- Lillard says investors can't count on liquidity like in past
- Mexico offers emerging markets opportunity, Prudential says
Michael Lillard, who oversees more than $500 billion as chief investment officer of Prudential Fixed Income, said bondholders must be prepared to keep securities for longer than in the past because it’s become tougher to enter and exit positions.
Liquidity is “less predictable,” he said Tuesday at a presentation by asset managers at life insurer Prudential Financial Inc. “You can’t count on it the way that you used to, and I think that changes your trading strategies a little.”

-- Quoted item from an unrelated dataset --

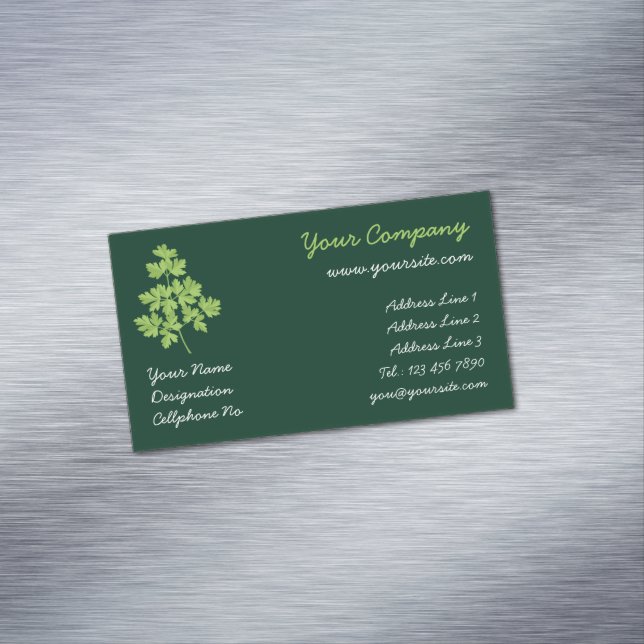 Parsley Magnetiska Visitkort (In Situ)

As the Federal Reserve prepares to raise interest rates for the first time in almost a decade, investors are concerned about the risk that bondholders will want to exit at once into a deteriorating market with few buyers available. Wall Street firms, constrained by stricter capital rules that made it costlier to act as the markets’ middlemen, have cut their stockpiles of debt to record-low levels.

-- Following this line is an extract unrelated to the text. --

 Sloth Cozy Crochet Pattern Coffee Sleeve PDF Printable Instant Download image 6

“So don’t buy things that you don’t like. We think that’s the secret right now,” Lillard said at the presentation in New York. “If you buy good stuff, you’re OK with holding it.”
Lillard said that the premiums for taking risk in the bond market may decline, making stocks an attractive alternative. Within bonds, he likes high-yield securities, but not the riskiest credits. That means favoring investments in utilities and securities rated BB, he said.
The money manager said he still sees opportunities in emerging markets, as long as people are selective.
“There’s ways to be invested in the sector that you don’t have to be in the countries that have the biggest issues, like Brazil,” he said. “Mexico’s actually doing OK. It doesn’t have lots of exposure to commodities.”